-- Work instructions --
Write out the listing from the line with "QR Code for" to the line with "Kenneth Cole KCWGE0013807", both lines included, exactly and nothing beyond. Leave pictures out.

***** Extracted data *****

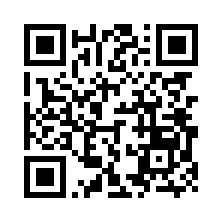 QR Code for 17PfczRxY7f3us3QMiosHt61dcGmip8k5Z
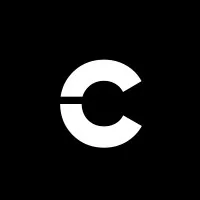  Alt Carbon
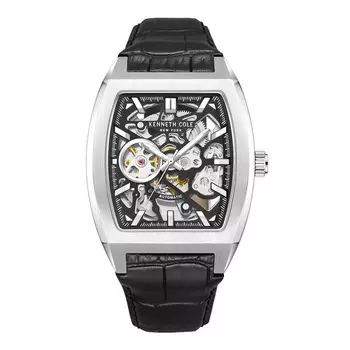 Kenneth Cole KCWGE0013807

*****
***** Extracted data *****

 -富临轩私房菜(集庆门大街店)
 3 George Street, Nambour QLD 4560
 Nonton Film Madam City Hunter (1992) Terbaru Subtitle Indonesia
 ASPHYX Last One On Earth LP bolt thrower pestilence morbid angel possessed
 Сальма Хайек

*****

-- Task response --
 QR Code for 17PfczRxY7f3us3QMiosHt61dcGmip8k5Z
  Alt Carbon
 Kenneth Cole KCWGE0013807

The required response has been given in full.